While that seems obvious, it was apparently overlooked by proponents of inclusionary zoning, which would allow Portland and other cities to require homebuilders to sell a fixed share of their new homes for less than market rates. Of course, that means they’ll have to raise the prices on the rest of the homes they build, meaning most houses become less affordable.
Here’s another piece of common sense ignored by these schemes: When the cost of new homes rises, the price of used homes follows. Sellers of existing homes naturally want to get as much as they can for their homes, so when new home costs increase, they can increase the amount they ask for their homes.
This means inclusionary zoning not only makes new homes less affordable, it makes existing housing less affordable as well. Owners of existing homes get windfall profits, but homebuyers lose.
Another piece of common sense: When government regulates the price of something, we get less of it, and the price goes up. Rent control may benefit existing renters, but it also discourages developers from building more rental housing, thus making rental housing less affordable overall.
This same applies to inclusionary zoning. Not only does such zoning force builders to sell most of the homes they build for higher prices, it leads them to build fewer homes overall. Inclusionary zoning has been conclusively proven to make housing less affordable.
Inclusionary zoning, rent control and other housing schemes are misplaced because they fail to address the real problem: land supply. Here’s a common‐sense rule: When government limits the supply of something and demand increases, prices go up. The elephants in the room that no one is talking about are Oregon’s urban‐growth boundaries.
Since 1980, the population within Portland’s urban‐growth boundary has grown by 70 percent, yet the boundary has been expanded by less than 15 percent. Land prices have grown by hundreds of percent and, despite the urban planners’ mantra, growing up instead of out does not make housing affordable.
Oregon’s housing affordability crisis can be directly traced to growth boundaries, which make homes cost twice as much as they should. Oregon legislators want to assuage their guilt for making housing unaffordable by passing measures that will provide affordable housing for a lucky few, but make housing even less affordable for everyone else.
While the growth boundaries impose huge costs on renters and homebuyers, they produce few of the benefits that are claimed for them. Supposedly they reduce urban‐service costs by a few thousand dollars per home. But what good are slightly lower service costs when houses cost $100,000 more than they should?
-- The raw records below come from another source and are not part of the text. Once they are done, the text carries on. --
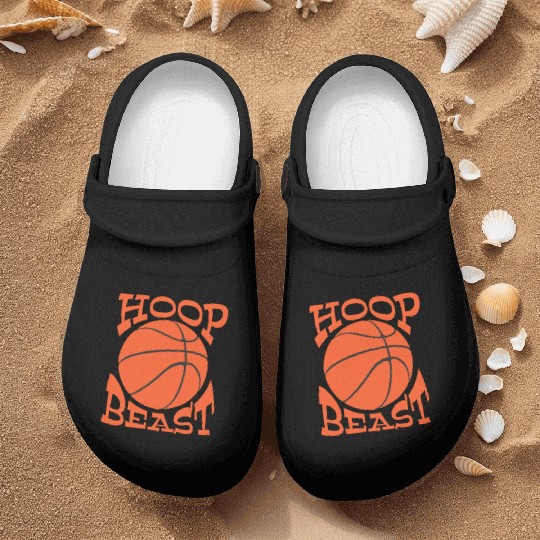 Hoop Beast / slam dunk - funny basketball saying Nurse Clogs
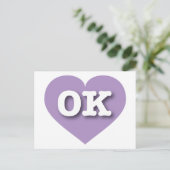 Carte Postale Oklahoma Lavender Heart - I love OK (Debout devant)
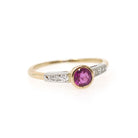 Ruby & Diamond Engagement Ring - Modern Era 14k Yellow Gold Platinum .66 CT Bezel Natural Red Corundum Gem - Circa 2000s Size 8 Fine Jewelry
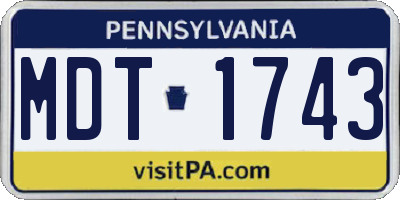 PA license plate MDT1743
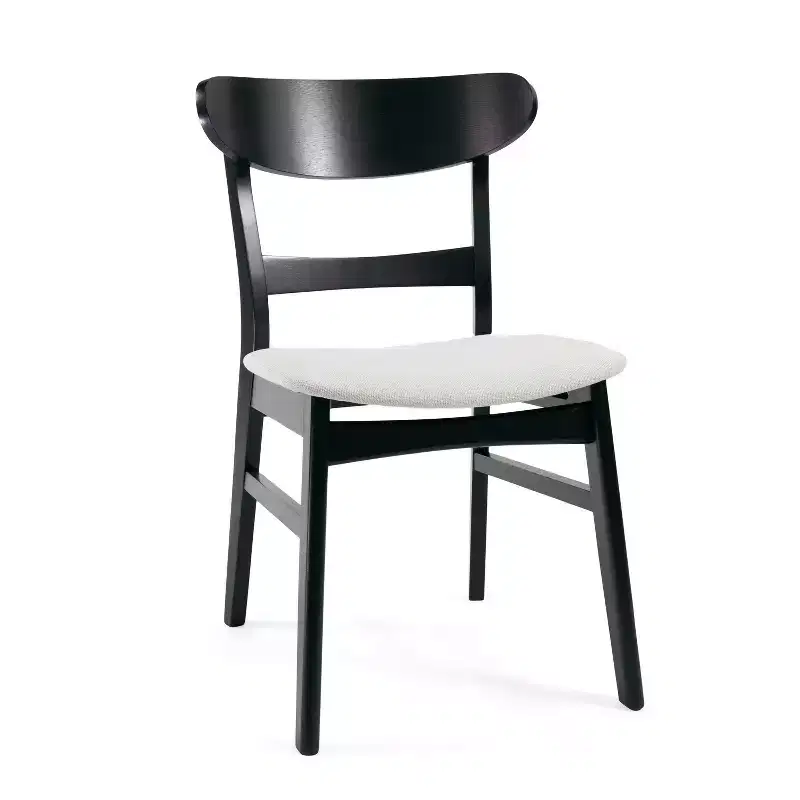 Mid-Century Modern Dining Chairs Set of 2, Round Upholstered with Curved Back & Metal Legs, Boucle Kitchen Dining Room Side Chairs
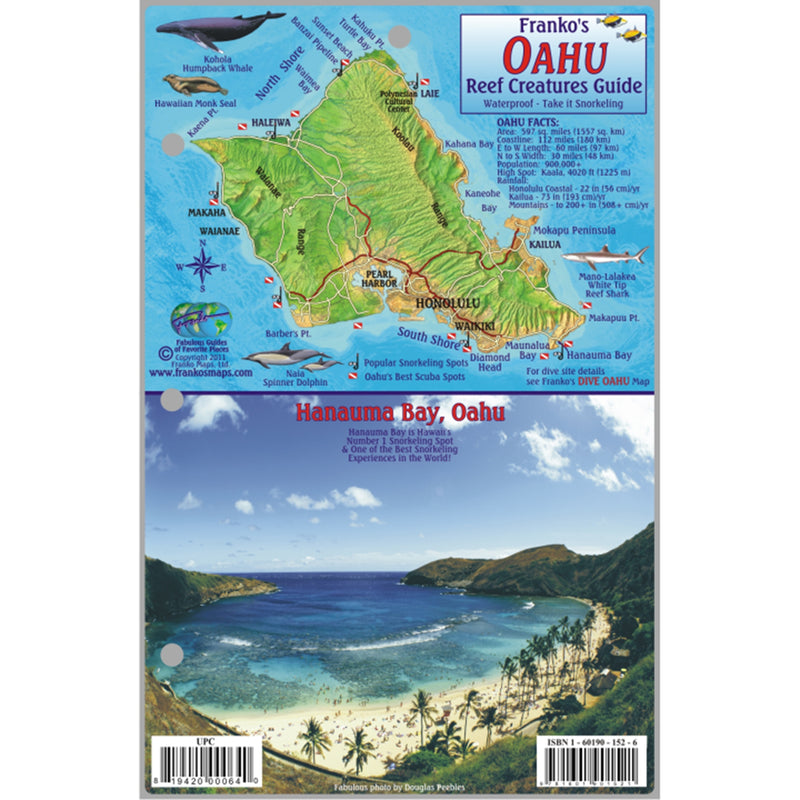 Franko Maps Oahu Hawaiian Reef Dive Creature Guide 5.5 X 8.5 Inch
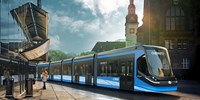 Blue tram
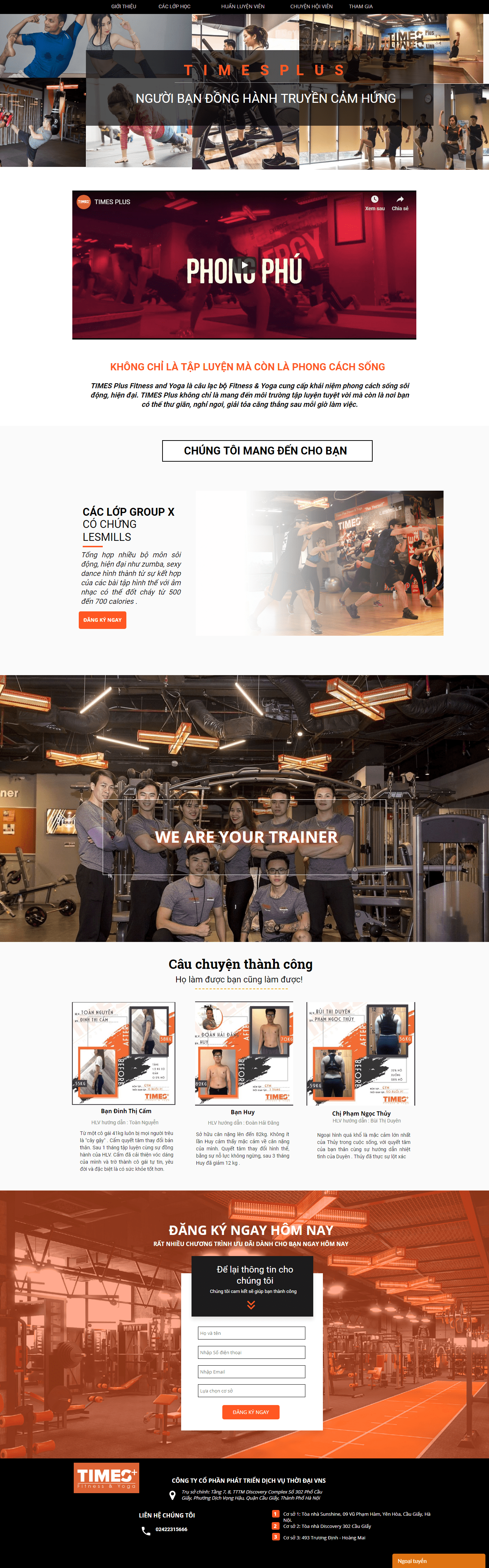 Thiết kế Web phòng gym timesplus.com.vn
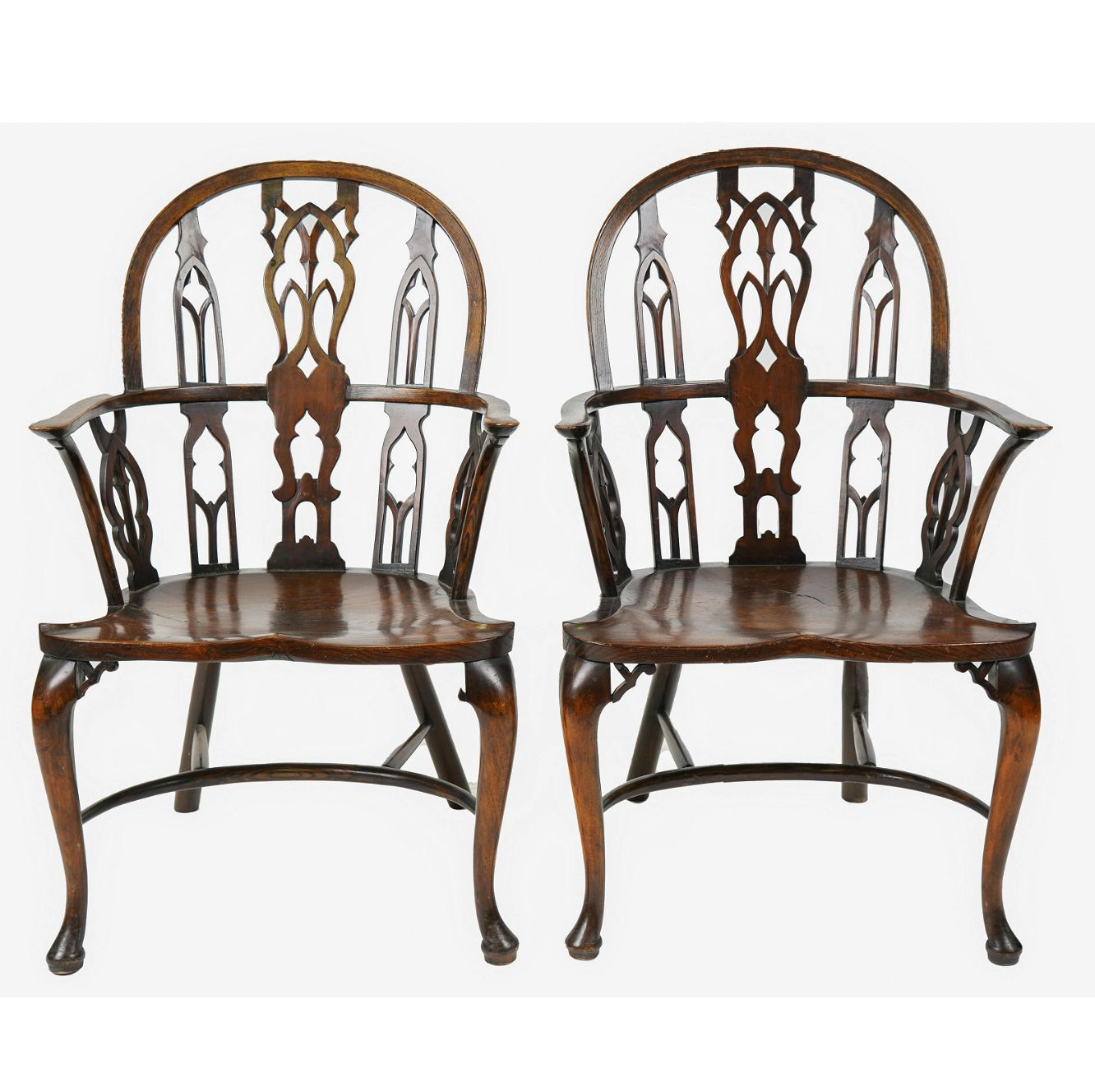 VINTAGE  F. PARKER & SONS ENGLISH OAK WINDSOR ARMCHAIRS | Work of Man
Growth boundaries are supposed to protect farms. But all of the urban areas in Oregon occupy just 1.5 percent of the state, and with or without boundaries urbanization is no threat to the productivity of Oregon farms, forests or open space.
Supposedly, urban‐growth boundaries save energy and reduce driving. But midrise and high‐rise housing actually use more energy per square foot than single‐family homes (and cost more to build, too). Meanwhile, University of California, Irvine, economist David Brownstone has shown that the effects of density on driving are “too small to be useful” in saving energy or reducing pollution.
Merely expanding urban‐growth boundaries will do little to make housing more affordable. Most expansions have been small and have been followed by numerous other barriers to home construction in the expanded areas.
The only real solution for Oregon’s housing crisis is to eliminate the growth boundaries. Until then, everything else is just window dressing.